#### Work required:
Only one span of the material below is wanted. Output it exactly, from the line with "Immunohistochemical staining of" through the line with "Unveiling Relief: Peeling", without any pictures.

#### Data shown:
***
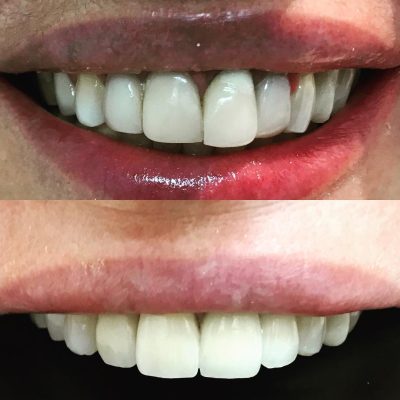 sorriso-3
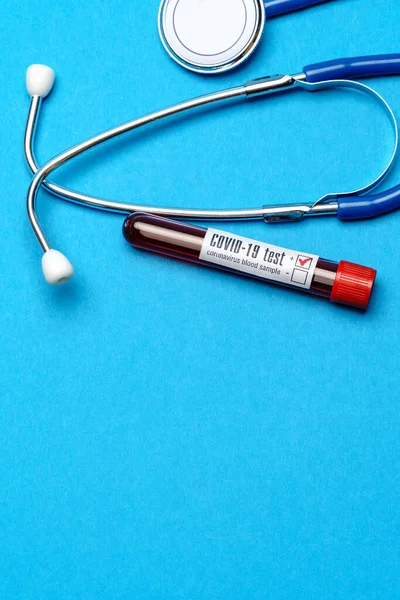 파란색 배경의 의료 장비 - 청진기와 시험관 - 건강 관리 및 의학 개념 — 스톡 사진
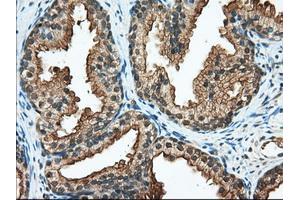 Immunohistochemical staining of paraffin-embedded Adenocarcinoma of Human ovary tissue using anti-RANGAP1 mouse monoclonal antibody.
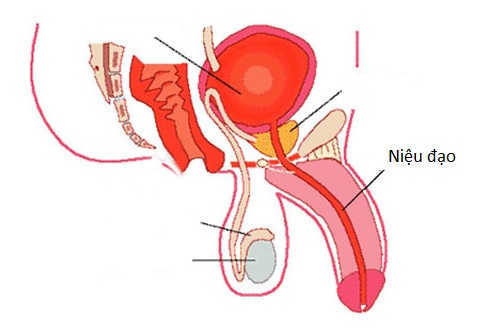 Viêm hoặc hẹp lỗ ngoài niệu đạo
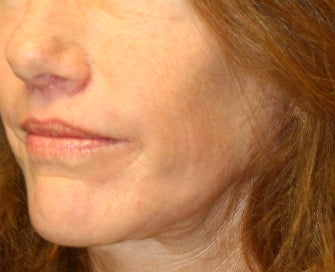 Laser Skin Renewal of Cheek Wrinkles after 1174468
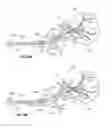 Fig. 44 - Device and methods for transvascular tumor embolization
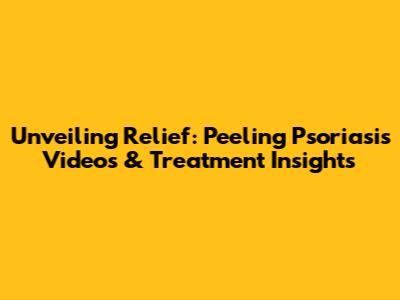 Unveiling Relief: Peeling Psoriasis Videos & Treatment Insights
***
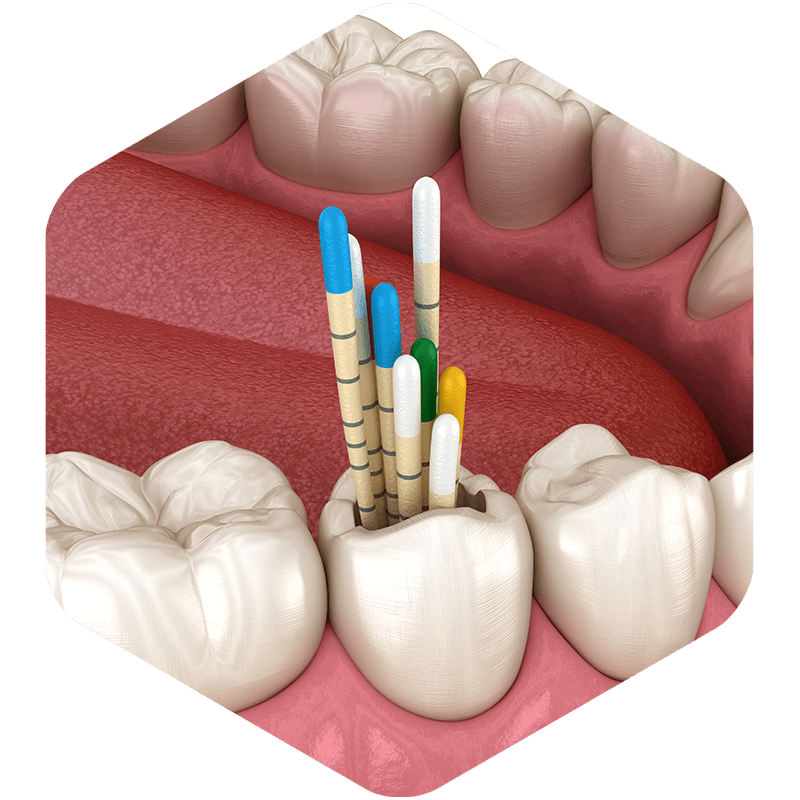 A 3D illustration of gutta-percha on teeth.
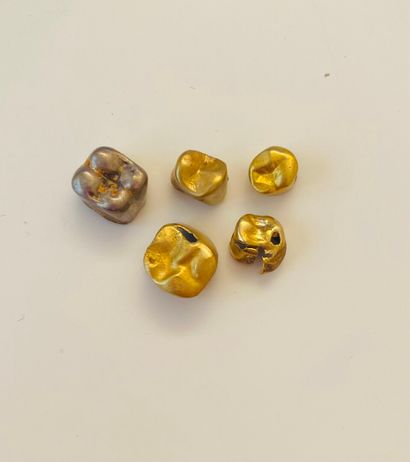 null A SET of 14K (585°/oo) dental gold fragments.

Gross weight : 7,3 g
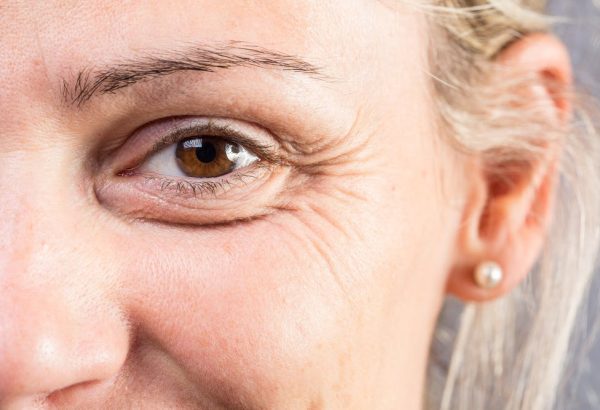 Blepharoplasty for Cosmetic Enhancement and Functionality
***
#### Result:
 Immunohistochemical staining of paraffin-embedded Adenocarcinoma of Human ovary tissue using anti-RANGAP1 mouse monoclonal antibody.
 Viêm hoặc hẹp lỗ ngoài niệu đạo
 Laser Skin Renewal of Cheek Wrinkles after 1174468
 Fig. 44 - Device and methods for transvascular tumor embolization
 Unveiling Relief: Peeling Psoriasis Videos & Treatment Insights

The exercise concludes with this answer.